One of the most recent assemblies in the United Kingdom was the People’s Plan for Nature that produced a vision for the future of nature, and the actions society must take to protect and renew it. 

When it comes to climate action, experts argue that we need to move beyond showpiece national and international goal-setting, and bring decision-making closer to home. 

Scholars say that that local and regional minipublics should be used much more frequently to produce climate policies, as this is where citizens experience the impact of the changing climate and act to make everyday changes.

While some policymakers are critical of deliberative democracy and see these processes as redundant to the existing deliberative bodies, such a national parliaments, others are more supportive. They view them as a way to get a better understanding of both what the public both thinks, and also how they might choose to implement change, after being given the chance to learn and deliberate on key questions.

Research has shown that the cognitive diversity of minipublics ensure a better quality of decision-making, in comparison to the more experienced, but also more homogenous traditional decision-making bodies.

For politicians, one benefit of minipublics is the opportunity to share the responsibility of potentially risky policy decisions, with society itself. 

In one famous example, President Emmanuel Macron promised the French climate assembly that he would implement whatever recommendations they made. 

The climate assembly then produced ostensibly radical proposals, most of which Macron was not able to implement. 

However, one of the more transformative ones, regarding the ban of flying within France, did get through. Having survived legal challenges, it will now be implemented.  

My own experience working with a minipublic in New Zealand supports the contention that the citizens are ready to go in a policy direction that is both supported by evidence and also confront difficult realities. 

From January 2020 to February 2023, I lead a team from the University of Auckland’s Koi Tū: Centre for Informed Futures.

In collaboration with the municipally owned water company Watercare, funded by New Zealand’s Ministry of Business, Employment and Innovation, we ran New Zealand’s first fully empowered minipublic on the future source of water for Auckland.

After four days of learning from a range of experts and materials, deliberation and consensus-making, citizens decided that direct recycled water is the source they would recommend. 

In New Zealand, using this water source of water has been seen to be controversial. In the Māori culture, there are cultural restrictions around individuals being in contact with any form of human waste.

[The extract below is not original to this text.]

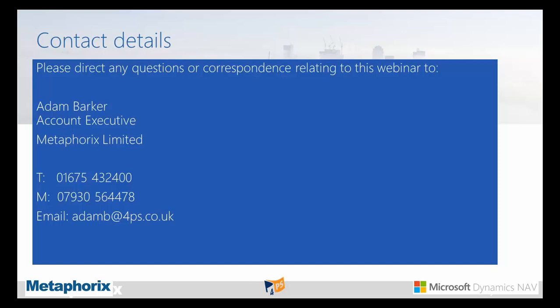Thanks for listening everyone — I'll pass back to Adam. Thank you very much James, I hope you all found that interesting and useful. If you have any questions, please note my contact details on screen — I'm happy to help. Our next NAV Know-How webinar is on the 4th of October, where we'll be looking at our new product NAV Links. Also look out for an email about our upcoming customer event on the 13th of November. Thank you for being with us this morning, have a great day and we'll see you again soon.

However, during the assembly, citizens were given the opportunity to learn about this issue both from Māori scholars and from representatives of the Mana Whenua Kaitiaki Forum, the governance forum of all the 19 hapū and iwi (roughly, clans and tribes) of Auckland.

Learning about the cultural context and understanding from the Kaitiaki Forum that the human right to water and the preserving environment are of highest importance in a dynamic and continuously transforming indigenous culture, then, gave them the confidence to propose this solution. 

Since then, Watercare’s Board has accepted the recommendations and have begun to work towards implementation. 

This successful example has increased the profile of deliberative democracy in New Zealand and will likely lead to more experiments of this kind. 

This interest is still mostly at the local level, and what remains to be seen is how policymakers at the national level respond to them and whether they will be brave enough to trial these new forms of democratic processes, which in my view may be better suited for the big policy issues today.